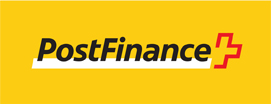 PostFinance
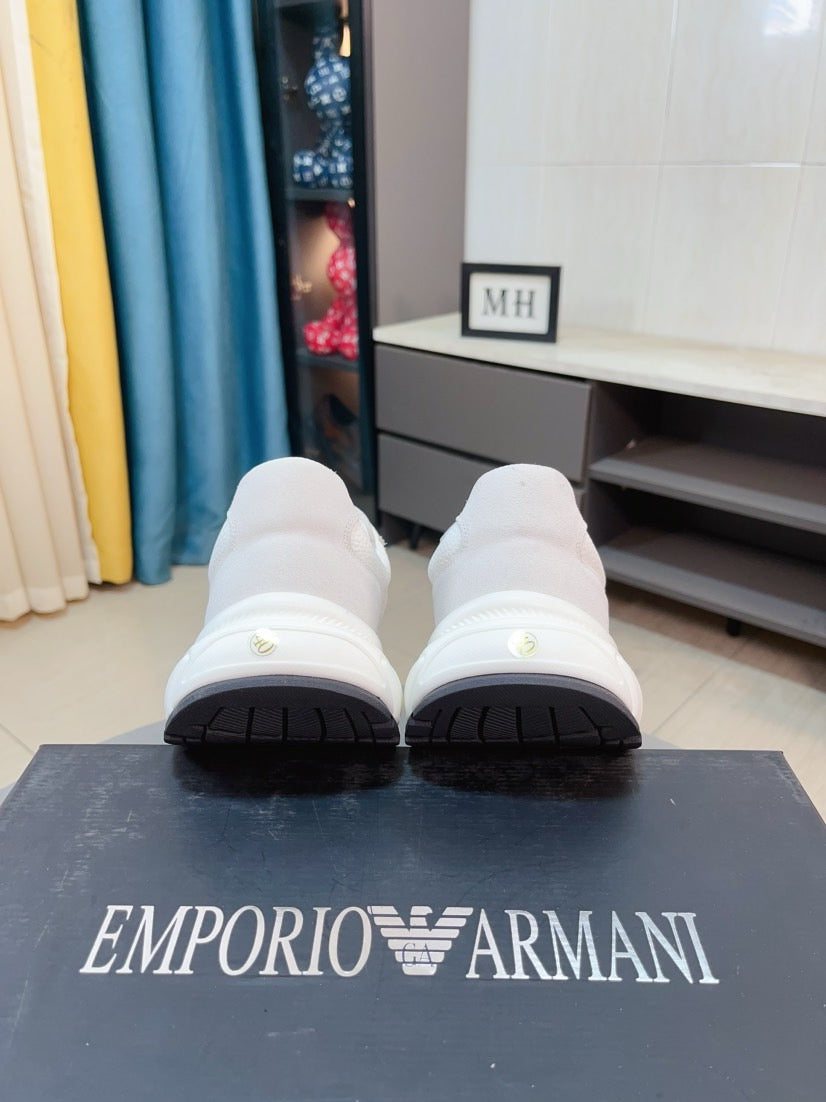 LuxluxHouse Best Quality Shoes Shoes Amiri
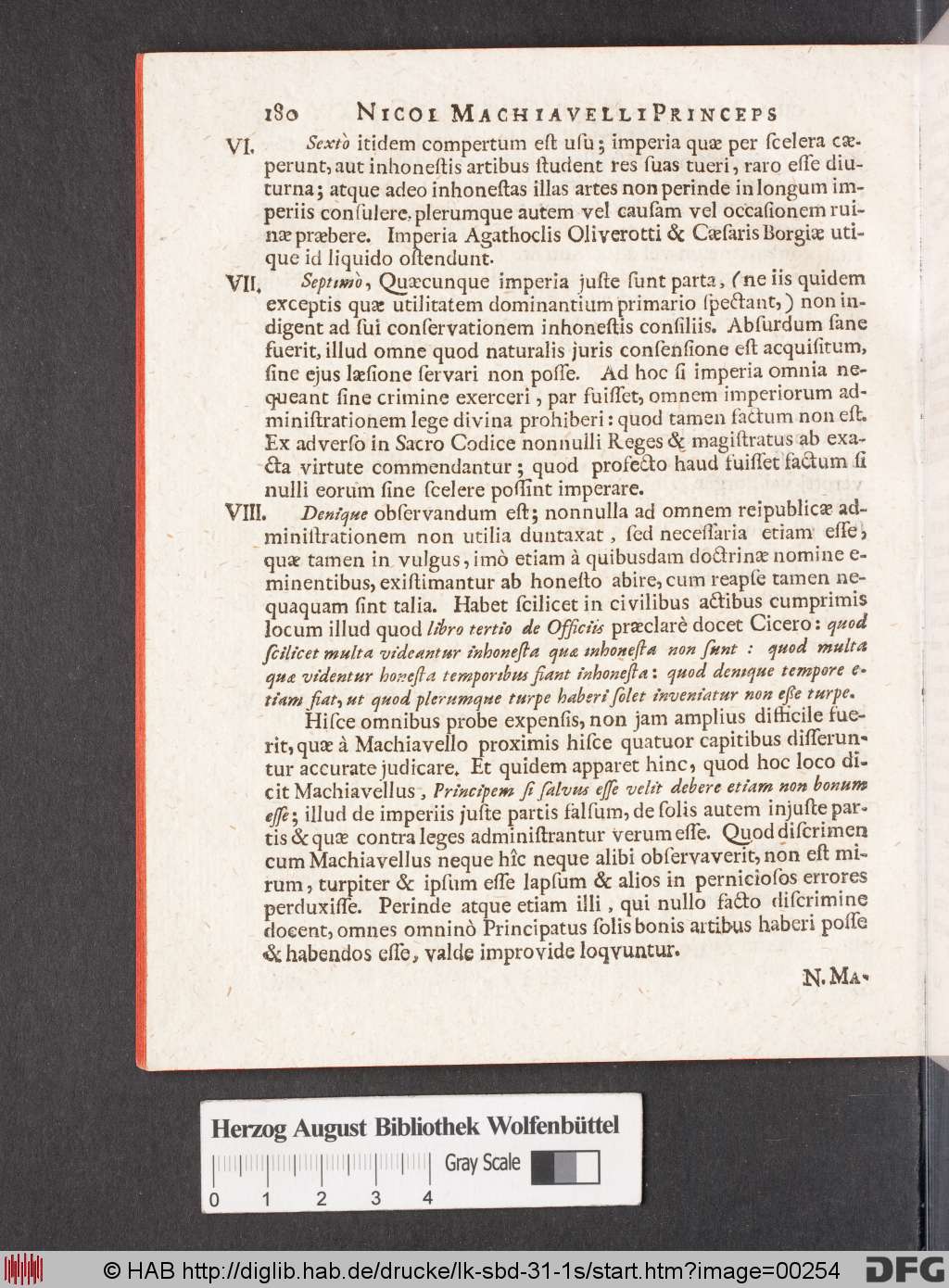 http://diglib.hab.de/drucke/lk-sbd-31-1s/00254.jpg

================

▶ _THE TASK_:
Restate exactly, and only, the lines from the one that holds "LuxluxHouse Best Quality Shoes Shoes Amiri" down to the last line of the material above. Omit the pictures.

▶ _SOLUTION FOR THIS EXERCISE_:
 LuxluxHouse Best Quality Shoes Shoes Amiri
 http://diglib.hab.de/drucke/lk-sbd-31-1s/00254.jpg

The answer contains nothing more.